• _Exercise_
In the listing below, start your output at the line with "Nurturing a Sustainable" and end it after the line with "Fjällräven Pantaloni: Fjällräven", copying every line exactly.

• _Data to use_
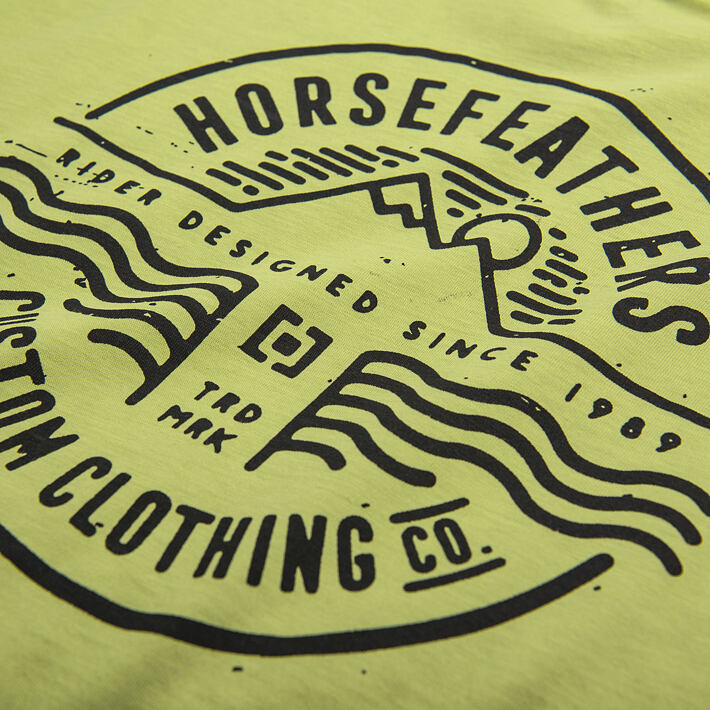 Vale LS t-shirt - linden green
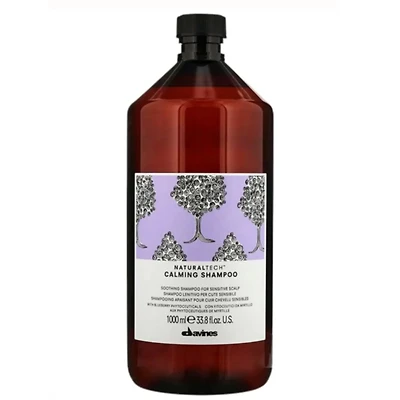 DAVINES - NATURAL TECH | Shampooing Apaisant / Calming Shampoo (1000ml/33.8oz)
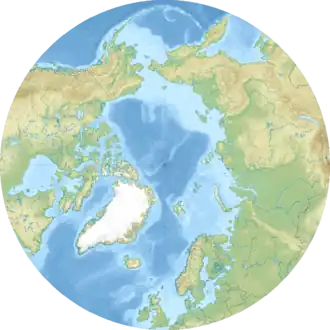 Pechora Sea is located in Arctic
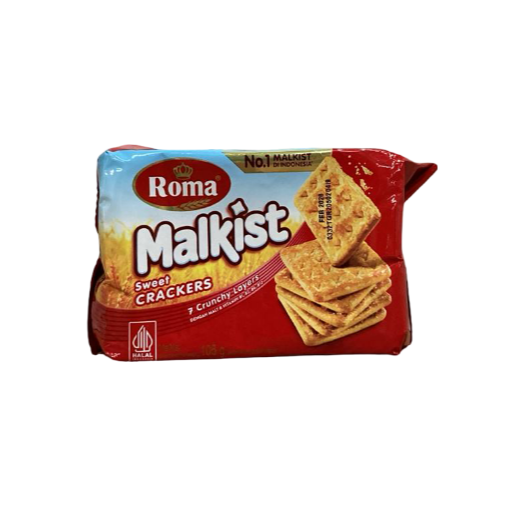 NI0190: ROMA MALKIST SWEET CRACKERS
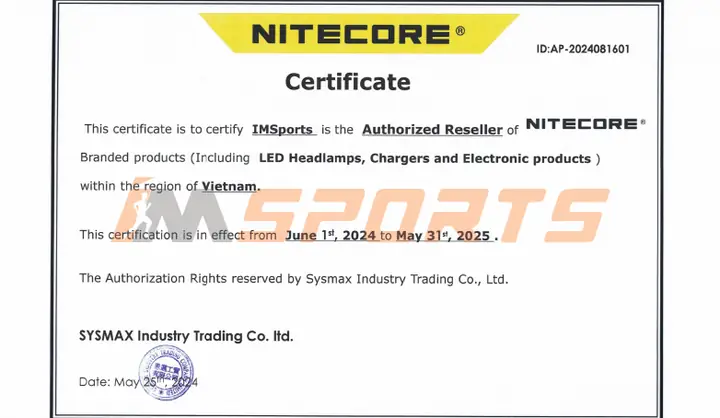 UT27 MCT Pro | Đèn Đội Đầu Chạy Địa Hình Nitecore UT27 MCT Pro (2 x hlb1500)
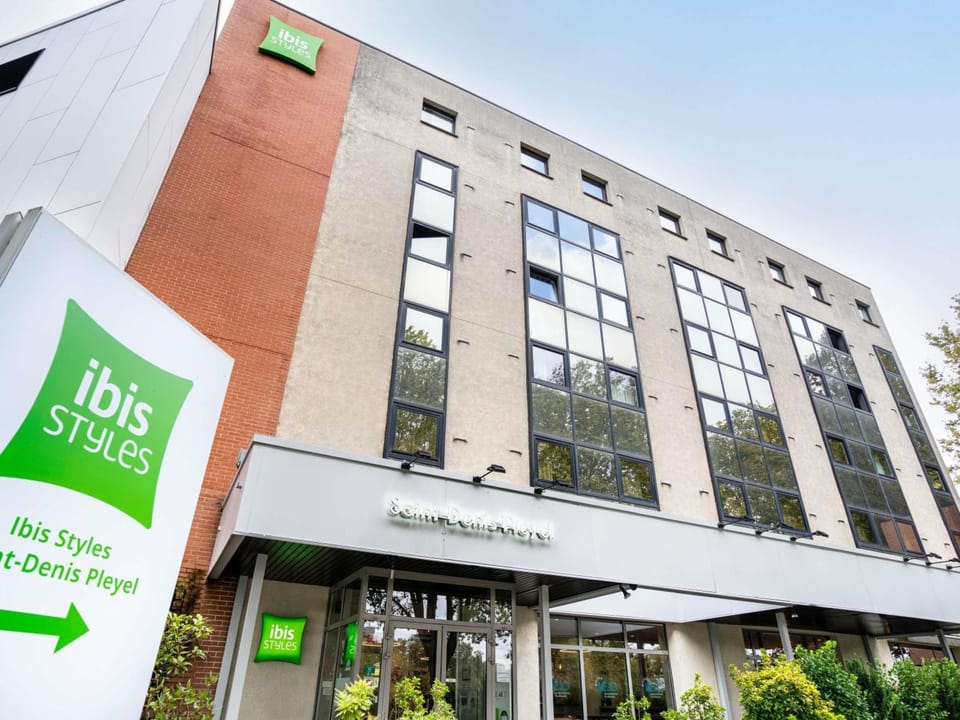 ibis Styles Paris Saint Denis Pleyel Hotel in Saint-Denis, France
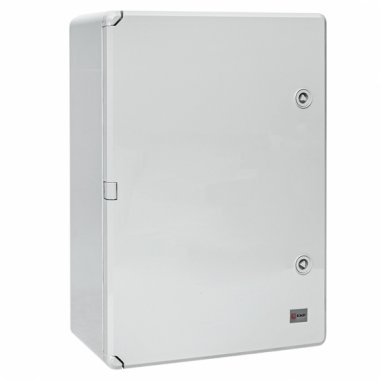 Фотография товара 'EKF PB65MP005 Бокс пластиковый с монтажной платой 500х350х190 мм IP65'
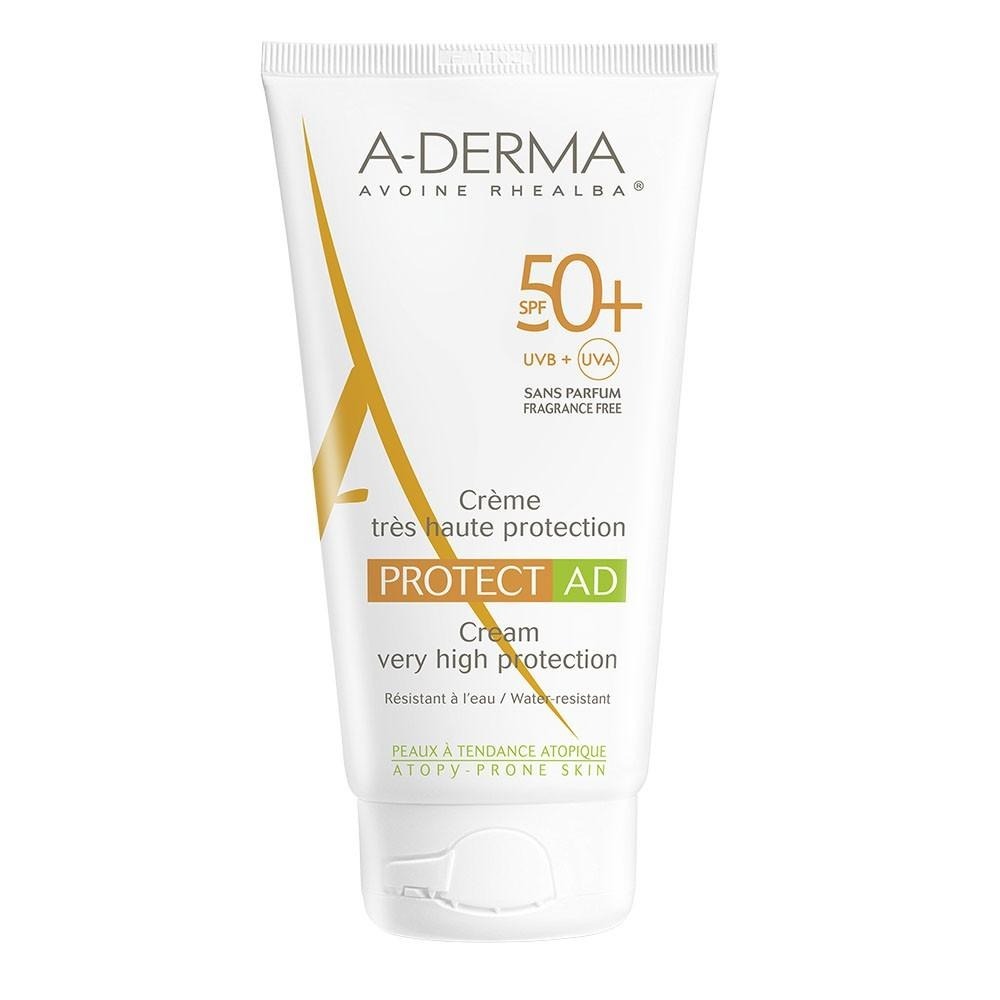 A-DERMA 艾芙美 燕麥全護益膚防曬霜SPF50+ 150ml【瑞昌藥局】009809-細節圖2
--
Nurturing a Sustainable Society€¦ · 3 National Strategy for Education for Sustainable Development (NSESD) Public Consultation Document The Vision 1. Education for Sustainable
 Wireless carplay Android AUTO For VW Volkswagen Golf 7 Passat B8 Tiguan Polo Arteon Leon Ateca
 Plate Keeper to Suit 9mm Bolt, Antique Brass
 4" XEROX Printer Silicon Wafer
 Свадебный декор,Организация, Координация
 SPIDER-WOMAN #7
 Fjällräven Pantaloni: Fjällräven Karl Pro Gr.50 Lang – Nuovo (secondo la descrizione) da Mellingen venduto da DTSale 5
* * *
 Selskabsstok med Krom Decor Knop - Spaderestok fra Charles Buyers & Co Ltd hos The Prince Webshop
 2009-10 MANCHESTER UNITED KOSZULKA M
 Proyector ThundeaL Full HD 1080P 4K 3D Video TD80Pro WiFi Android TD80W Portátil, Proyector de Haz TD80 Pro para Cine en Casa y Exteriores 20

• _Written answer_
Nurturing a Sustainable Society€¦ · 3 National Strategy for Education for Sustainable Development (NSESD) Public Consultation Document The Vision 1. Education for Sustainable
 Wireless carplay Android AUTO For VW Volkswagen Golf 7 Passat B8 Tiguan Polo Arteon Leon Ateca
 Plate Keeper to Suit 9mm Bolt, Antique Brass
 4" XEROX Printer Silicon Wafer
 Свадебный декор,Организация, Координация
 SPIDER-WOMAN #7
 Fjällräven Pantaloni: Fjällräven Karl Pro Gr.50 Lang – Nuovo (secondo la descrizione) da Mellingen venduto da DTSale 5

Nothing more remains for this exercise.